La suite du parcours n'est que bonheur, où chaque virage a une saveur particulière, m'apporte une sensation différente. La Nouvelle-Zélande comme je l'attendais ! Je me faufile entre les croupes de verdure peuplées par les brebis. Je déguste ce plat gastronomique constitué d'eau pure, d'herbe fraîche, de collines apétissantes sculptées par les brebis (chaque colline présente des marches formées par le passage répète des brebis...).

Je passe Motu à 17h00. J'ai de bonnes jambes et un bon genou, alors je continue ma route. Après une longue descente, je retrouve un petit village et une route goudronnée. Je suis à 14 kilomètres de Matawai. Je décide alors de forcer la marche pour pouvoir y arriver avant la nuit. Mais dix kilomètres plus loin je me laisse séduire par une barrière ouverte sur un chemin et un vaste paturage. Je planterai ma tente ici, à l'abri des regards. Il est 18h00 lorsque je suis à l'abri. Une demi heure après, la nuit, accompagnée de la pluie, permettent de terminer cette journée sereinement. Après 63 kilomètres en 5 heures (+17km la veille), et 50 km de voiture, me voilà au milieu de nulle part, pour une nuit qui s'annonce des plus paisible. Seul petit bémol. N'ayant rien pour cuisiner, je ne mangerai qu'un peu de pain assaisonné de confiture... On ne peut pas tout avoir !
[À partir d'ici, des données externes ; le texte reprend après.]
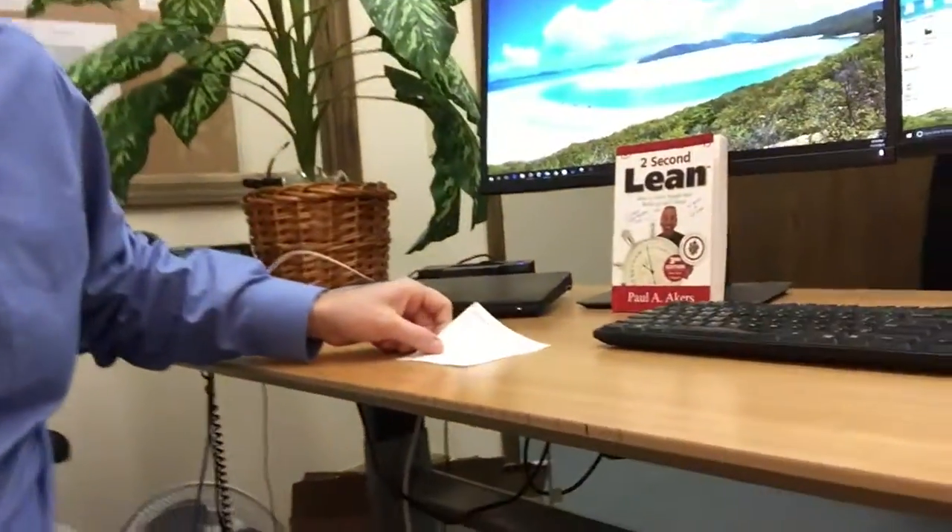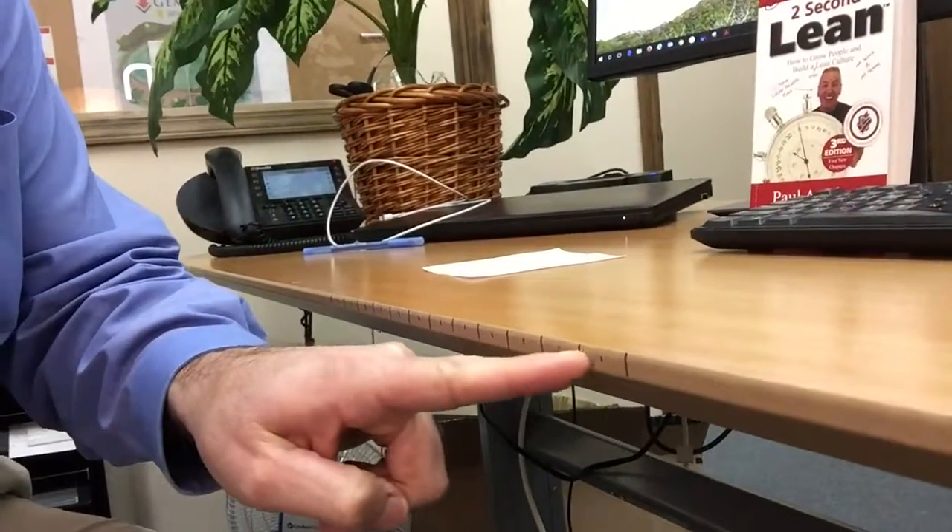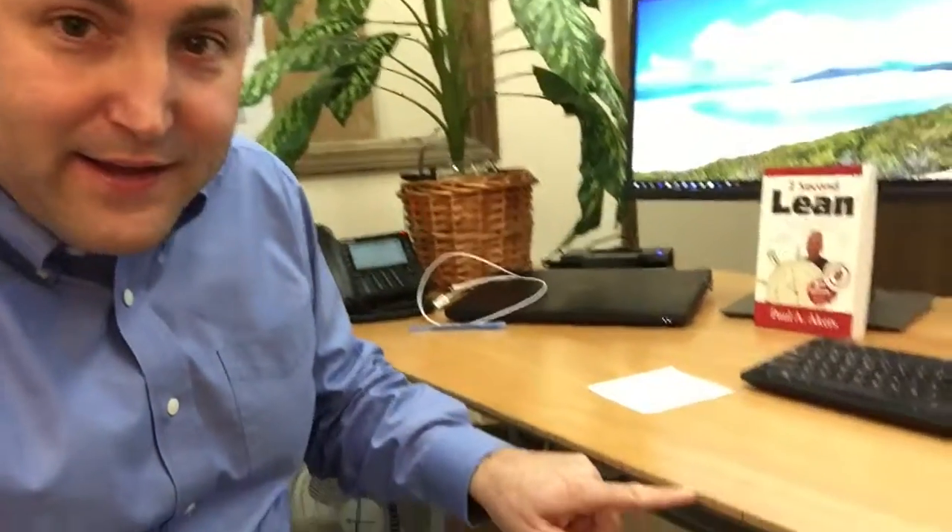So I took a tape measure and marked out in one and a half inch increments across the front — a ruler. I didn't want to use the top because that would create clutter on the top of the desk, so I used the side of the desk and marked it at the front.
Vous l'avez compris, cette journée était un pur bonheur ! C'est exactement pour vivre ce que j'ai vécu aujourd'hui que je suis ici, avec mon vélo. J'ai loupé le Cap Est qui s'annonçait comme étant la plus belle partie du voyage. Mais j'ai vécu aujourd'hui la plus belle étape du Tour. Ce que j'ai vu et ressenti est indescriptible. Je me suis fait transperser par le bonheur. Le bonheur de la solitude, le bonheur de vivre cette aventure, le bonheur de découvrir la Nouvelle-Zélande sans paillettes ni artifices. Et aussi le bonheur aujourd'hui de pouvoir vous faire partager cela, même si je crois être incapable de vous dire au combien cette journée était exceptionnelle... Malgrè toutes les galères que l'on peut avoir à vélo, ce sont ces moments-là qui vous font dire que le vélo est le meilleur des compagnons, et que ces galères ne sont en fait que des moments précédents des énormes moments de joie. Et au final, il n'y a pas de galère à vélo, mais que des moments plus ou moins BIEN ! Que cette journée était belle. Prenez l'avion et venez me retrouver ici. J'aimerai tant que vous puissiez vivre ça autrement que par ces récits et quelques photos...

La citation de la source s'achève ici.